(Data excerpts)

════════

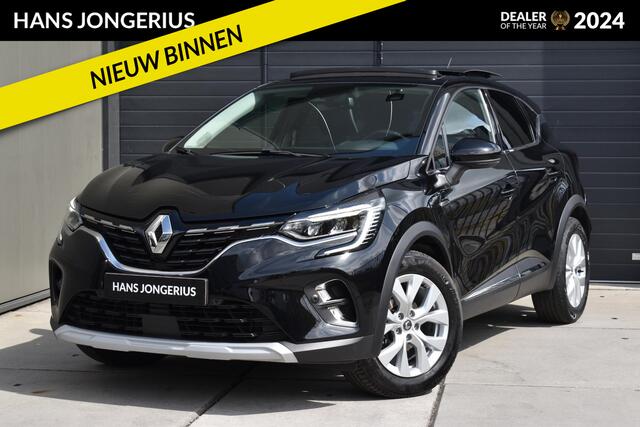 Renault CAPTUR TCe 130 EDC Intens | AUTOMAAT | SCHUIF/KANTELDAK | TREKHAAK | CAMERA | APPLECARPLAY/ANDROIDAUTO | CRUISE CONTROL | CLIMATE CONTROL | PDC | LMV
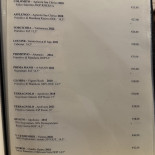 Osteria 203 Speisekarte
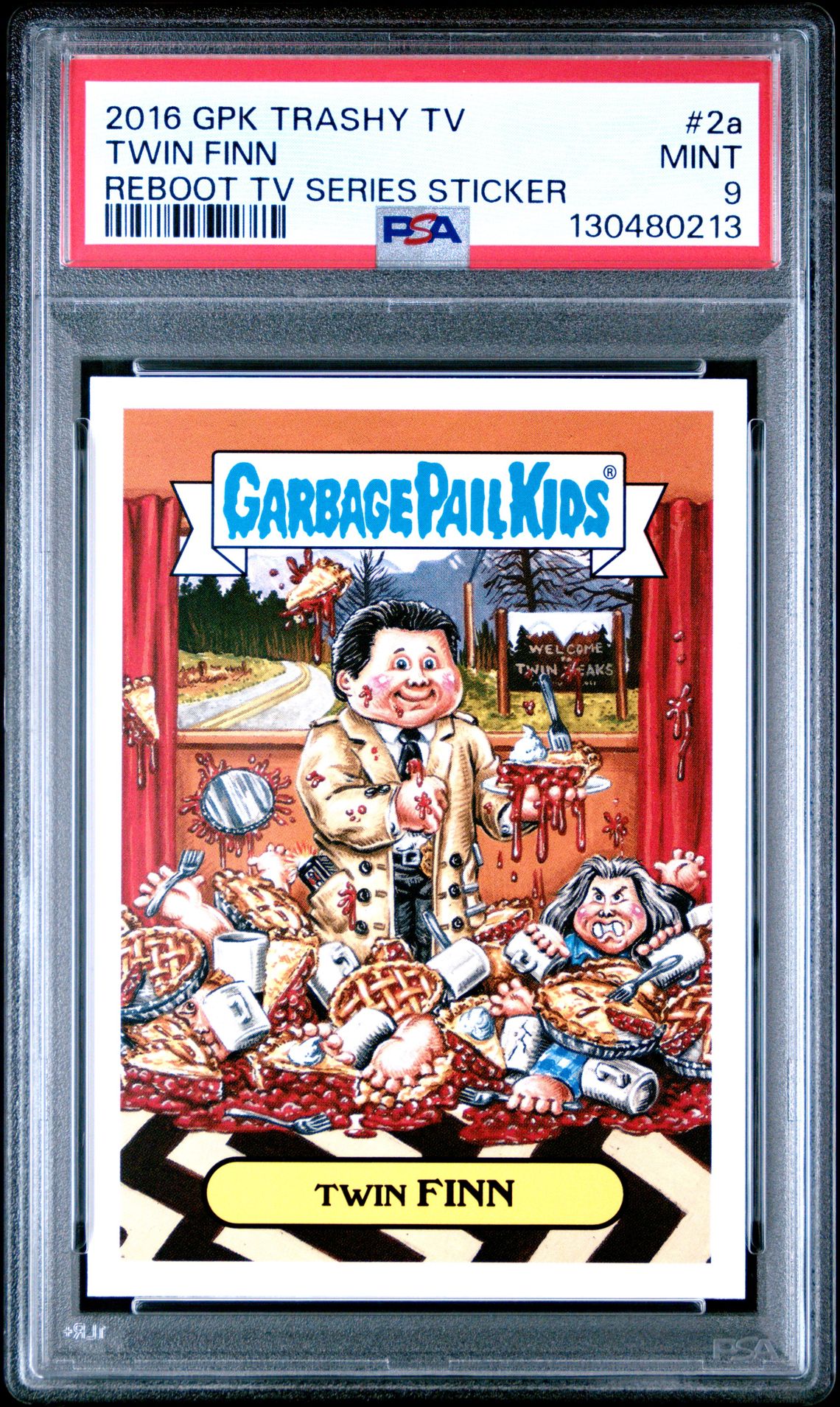 Twin Finn PSA 9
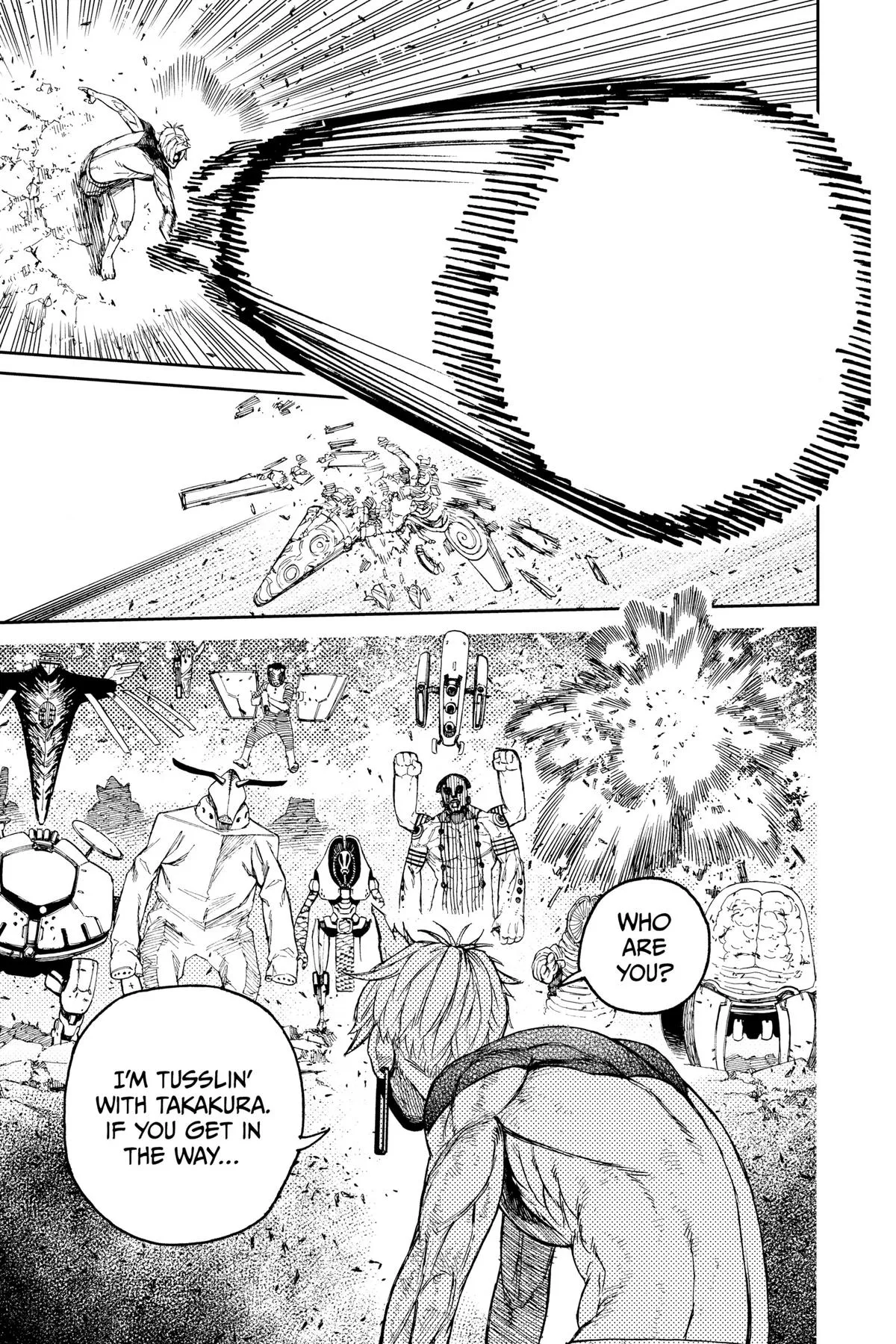 Read Dandadan EN Manga Online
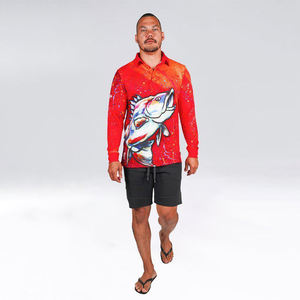 Camiseta Polo con Diseño de Pez Espada para Hombre, Control de Humedad UPF50+, Secado Rápido y Transpirable para Largos Días de Pesca - Product Image 6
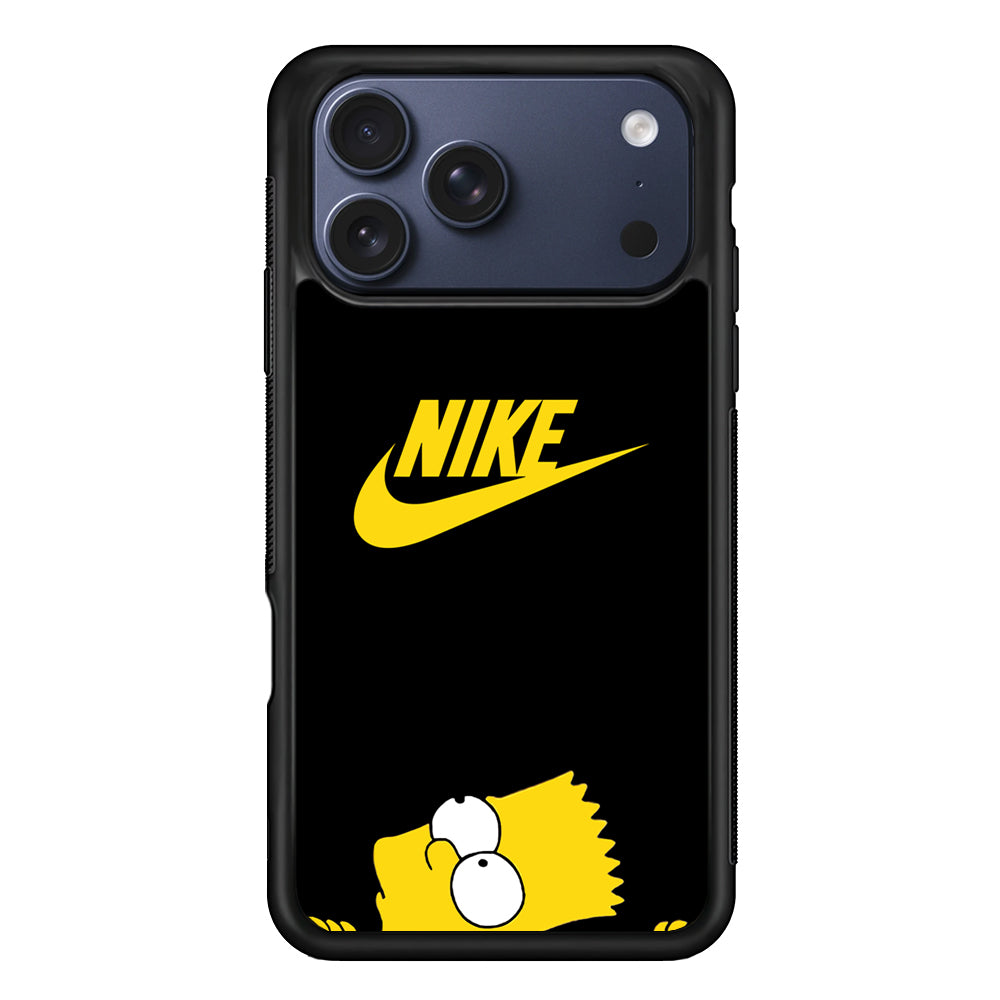Nike Bart Simpson iPhone 17 Pro Case - Xtracase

════════

◆ YOUR OBJECTIVE ◆
Each line above is to be transcribed exactly, though its pictures are not.

◆ RESULT ◆
 Renault CAPTUR TCe 130 EDC Intens | AUTOMAAT | SCHUIF/KANTELDAK | TREKHAAK | CAMERA | APPLECARPLAY/ANDROIDAUTO | CRUISE CONTROL | CLIMATE CONTROL | PDC | LMV
 Osteria 203 Speisekarte
 Twin Finn PSA 9
 Read Dandadan EN Manga Online
 Camiseta Polo con Diseño de Pez Espada para Hombre, Control de Humedad UPF50+, Secado Rápido y Transpirable para Largos Días de Pesca - Product Image 6
Nike Bart Simpson iPhone 17 Pro Case - Xtracase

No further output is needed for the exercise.